Horje
ETL with Spring Cloud Data Flow

ETL (Extract, Transform, Load) is the fundamental process in data warehousing and analytics. This involves extracting the data from various sources and then transforming it to fit operational needs, lastly loading it into the data storage system. Spring Cloud Data Flow (SCDF) is the microservice-based toolkit for building real-time data integration and processing pipelines. SCDF allows us to orchestrate the data pipelines, manage and monitor the data flows, and handle the data processing with ease.

In this article, we will create a simple ETL pipeline using Spring Cloud Data Flow which will extract the data, transform it, and load it.

Prerequisites:

  • Good Understanding of the Spring Boot and Spring Cloud.
  • Basic Knowledge of the Apache Kafka.
  • JDK and IntelliJ idea installed in your local system.
  • Maven for building dependency management.

What is ETL?

ETL stands for the Extract, Transform, Load. It is the process used in the data warehousing and data integration to move the data from the various sources to the centralized data warehouse or data store. The ETL process involves three main steps:

  1. Extract: This can be used to retrieving the data from various source systems.
  2. Transform: It can convert the extracted data into the format suitable for analysis and reporting.
  3. Load: It can load the transformed the data into the target database or the data warehouse.

What is Spring Cloud Data Flow?

Spring Cloud Data Flow is the toolkit for the building data integration and real-time processing pipelines. It allows the developers to create and orchestrate the complex data workflows using the microservices. SCDF can supports running the applications as tasks or streams:

  • Task: Short lived microservices that perform the specific function and then terminate.
  • Streams: Continuous data flows that process data in real time.

How ETL Works with Spring Cloud Data Flow?

In an ETL pipeline using Spring Cloud Data Flow, each step is implemented as a Spring Boot application. These applications are connected using messaging middleware like Apache Kafka.

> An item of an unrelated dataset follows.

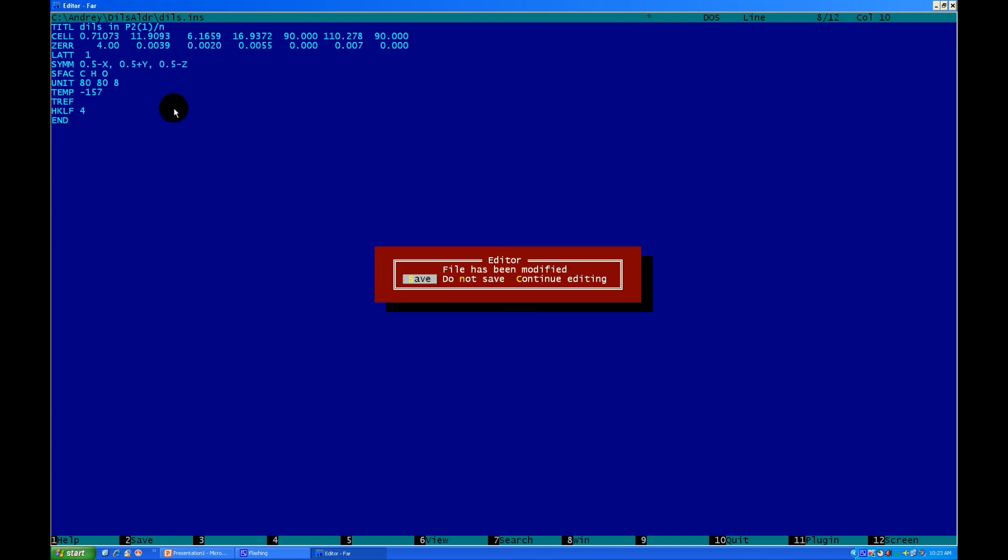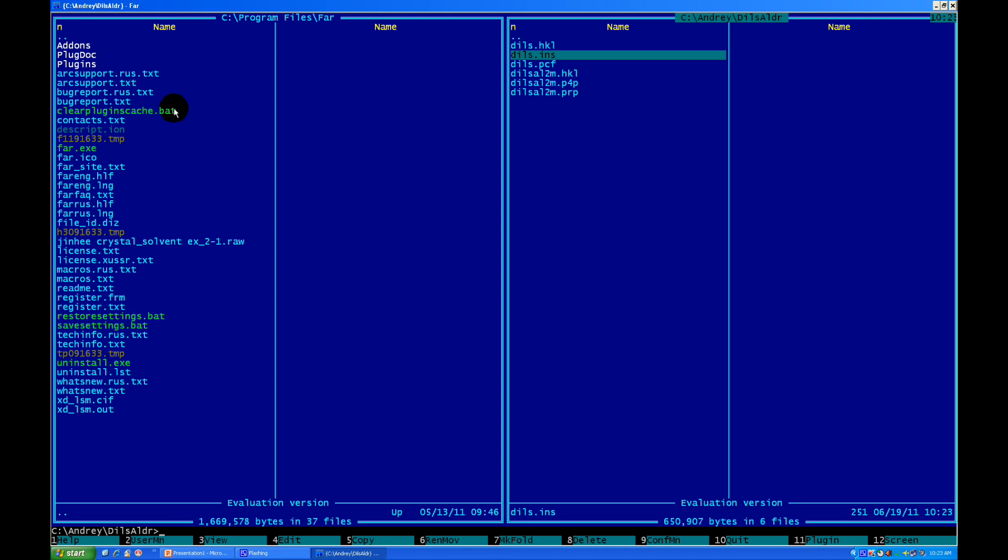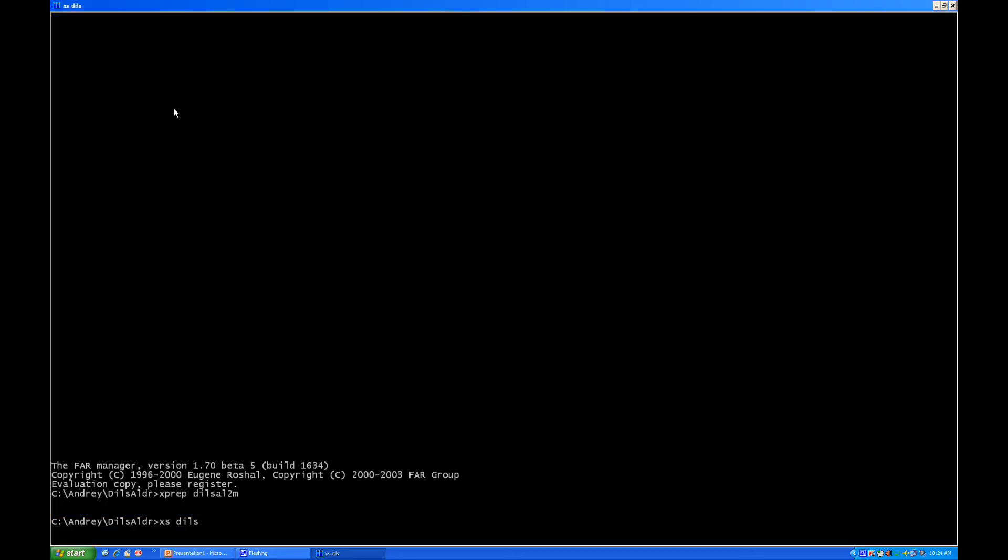Right now, you're pressing escape. The program asking you to save it. You press enter. Yes, you wanna save it. Right now, let's do actual crystal structure solution. To do so, what you need to do, it's type xs, x-ray solution, and the name of file. In our case, it would be Dils. D-I-L-S. And, press enter. Some crystal structure solution happens.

Implementation of ETL with Spring Cloud Data Flow

Step 1: Create a Spring Boot Project

Create a new Spring Boot project using IntelliJ IDEA. While creating the project, choose the following options:

Spring Boot Project Creation


Step 2: Add the Dependencies

Add the following dependencies to your pom.xml file:

Dependencies


After project creation done, then the folder structure in the IDE will look like the below image.

Folder Structure


Step 3: Configure the Application Properties

Open the application.properties file and add the ETL configuration of the Spring Boot application.

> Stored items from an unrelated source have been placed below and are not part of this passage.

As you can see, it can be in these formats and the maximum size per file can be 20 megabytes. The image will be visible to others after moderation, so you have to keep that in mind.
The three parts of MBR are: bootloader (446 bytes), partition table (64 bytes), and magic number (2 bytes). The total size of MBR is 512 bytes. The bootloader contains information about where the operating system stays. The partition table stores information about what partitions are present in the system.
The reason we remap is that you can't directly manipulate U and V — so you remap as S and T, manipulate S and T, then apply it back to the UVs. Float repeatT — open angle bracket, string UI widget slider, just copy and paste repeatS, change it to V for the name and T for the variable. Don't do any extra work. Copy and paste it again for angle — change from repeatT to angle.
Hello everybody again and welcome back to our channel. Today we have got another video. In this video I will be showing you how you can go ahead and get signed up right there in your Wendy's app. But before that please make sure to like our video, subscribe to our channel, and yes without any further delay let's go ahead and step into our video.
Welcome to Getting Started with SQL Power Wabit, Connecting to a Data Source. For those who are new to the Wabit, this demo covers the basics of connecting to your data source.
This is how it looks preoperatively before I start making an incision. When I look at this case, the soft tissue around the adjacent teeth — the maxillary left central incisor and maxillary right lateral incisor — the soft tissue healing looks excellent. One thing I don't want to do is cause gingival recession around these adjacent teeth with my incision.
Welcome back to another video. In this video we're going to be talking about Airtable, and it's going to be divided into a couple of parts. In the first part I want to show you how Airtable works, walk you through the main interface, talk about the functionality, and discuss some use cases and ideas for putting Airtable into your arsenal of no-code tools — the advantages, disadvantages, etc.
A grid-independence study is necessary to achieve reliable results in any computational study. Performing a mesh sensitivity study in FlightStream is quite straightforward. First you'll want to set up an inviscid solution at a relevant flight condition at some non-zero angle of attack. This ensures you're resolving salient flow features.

spring.application.name=etl-spring-cloud-data-flow

# Extract application properties
spring.cloud.function.definition=extractData;transformData;loadData

# Kafka binder properties
spring.cloud.stream.bindings.extractData-out-0.destination=etl-topic
spring.cloud.stream.bindings.transformData-in-0.destination=etl-topic
spring.cloud.stream.bindings.transformData-out-0.destination=etl-transformed-topic
spring.cloud.stream.bindings.loadData-in-0.destination=etl-transformed-topic

# Kafka broker properties
spring.cloud.stream.kafka.binder.brokers=localhost:9092


Step 4: Create the ExtractService Class

Create the ExtractService class in the extract package:

Go to src > main > java > com.gfg.etlspringclouddataflow > extract > ExtractService and put the below code.

Java
package com.gfg.etlspringclouddataflow.extract;

import org.springframework.context.annotation.Bean;
import org.springframework.context.annotation.Configuration;

import java.util.function.Supplier;

/**
 * Configuration class for the extract service.
 */
@Configuration
public class ExtractService {

    /**
     * Bean definition for extracting data.
     * This bean provides a Supplier that returns a string with the extracted data and the current timestamp.
     *
     * @return Supplier of a string containing the extracted data and timestamp.
     */
    @Bean
    public Supplier<String> extractData() {
        return () -> "Extracted data at " + System.currentTimeMillis();
    }
}

This defines a Spring configuration class, ExtractService, which contains a bean method, extractData. This method provides a Supplier that returns a string with “Extracted data” followed by the current timestamp. The @Bean annotation ensures that this Supplier is registered as a Spring bean.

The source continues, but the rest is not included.